Dataset excerpt:
::::

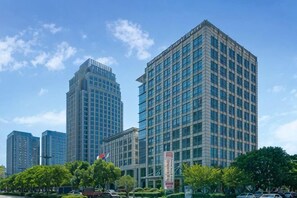 A modern high-rise building with a grid of windows, surrounded by trees and other buildings. - Harbour Oriental Hotel（Beilun Changjiang Road Store） (Ningbo)
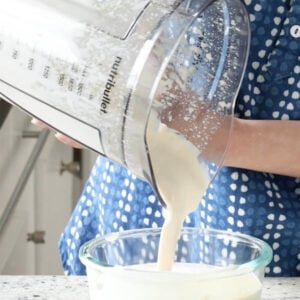 pouring neutral whipped tofu base into a storage container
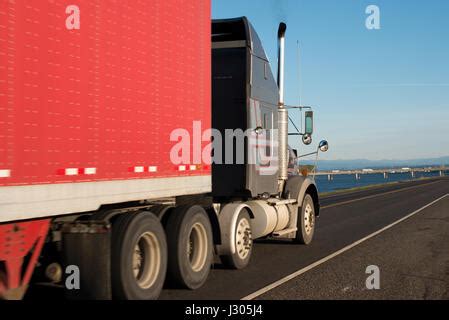 Wide Multilane Highway With Semi Truck And Cars And Concrete Dividing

::::

Exercise goal: Keep every word of the data as it is when you write it out, but drop the pictures.

Written response:
 A modern high-rise building with a grid of windows, surrounded by trees and other buildings. - Harbour Oriental Hotel（Beilun Changjiang Road Store） (Ningbo)
 pouring neutral whipped tofu base into a storage container
 Wide Multilane Highway With Semi Truck And Cars And Concrete Dividing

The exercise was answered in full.